Note: you can find youcookii_data.no_transcript.pickle
in the zip file, which is a version without transcript. The transcript version will not be publicly avaliable due to possible legal issue. Thus, you need to replace youcookii_data.pickle
with youcookii_data.no_transcript.pickle
for youcook retrieval task and caption with only video input task. S3D feature can be found in youcookii_videos_features.pickle
. The feature is extract as one 1024-dimension vector per second. More details can be found in dataloaders and our paper.
mkdir -p data
cd data
wget https://github.com/microsoft/UniVL/releases/download/v0/msrvtt.zip
unzip msrvtt.zip
cd ..
- Run retrieval task on YoucookII
DATATYPE="youcook"
TRAIN_CSV="data/youcookii/youcookii_train.csv"
VAL_CSV="data/youcookii/youcookii_val.csv"

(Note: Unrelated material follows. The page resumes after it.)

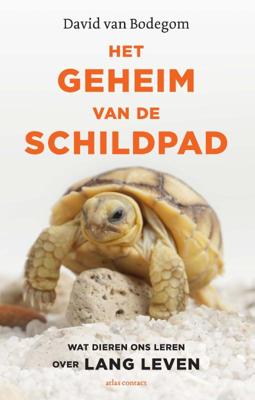 Het geheim van de schildpad Het geheim van de schildpad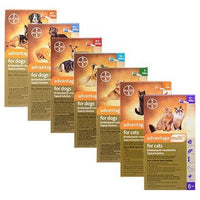 Bayer Advocate Advantage Multi K9 Advantix Flea, Tick and Mosquito Prevention For Cat & Dog - FastAndSafeStoreFastAndSafeStore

DATA_PATH="data/youcookii/youcookii_data.pickle"
FEATURES_PATH="data/youcookii/youcookii_videos_features.pickle"
INIT_MODEL="weight/univl.pretrained.bin"
OUTPUT_ROOT="ckpts"
python -m torch.distributed.launch --nproc_per_node=4 \
main_task_retrieval.py \
--do_train --num_thread_reader=16 \
--epochs=5 --batch_size=32 \
--n_display=100 \
--train_csv ${TRAIN_CSV} \
--val_csv ${VAL_CSV} \
--data_path ${DATA_PATH} \
--features_path ${FEATURES_PATH} \
--output_dir ${OUTPUT_ROOT}/ckpt_youcook_retrieval --bert_model bert-base-uncased \
--do_lower_case --lr 3e-5 --max_words 48 --max_frames 48 \
--batch_size_val 64 --visual_num_hidden_layers 6 \
--datatype ${DATATYPE} --init_model ${INIT_MODEL}
The results (FT-Joint) are close to R@1: 0.2269 - R@5: 0.5245 - R@10: 0.6586 - Median R: 5.0
Plus --train_sim_after_cross
to train align approach (FT-Align),
The results (FT-Align) are close to R@1: 0.2890 - R@5: 0.5760 - R@10: 0.7000 - Median R: 4.0
- Run retrieval task on MSRVTT
DATATYPE="msrvtt"
TRAIN_CSV="data/msrvtt/MSRVTT_train.9k.csv"
VAL_CSV="data/msrvtt/MSRVTT_JSFUSION_test.csv"
DATA_PATH="data/msrvtt/MSRVTT_data.json"
FEATURES_PATH="data/msrvtt/msrvtt_videos_features.pickle"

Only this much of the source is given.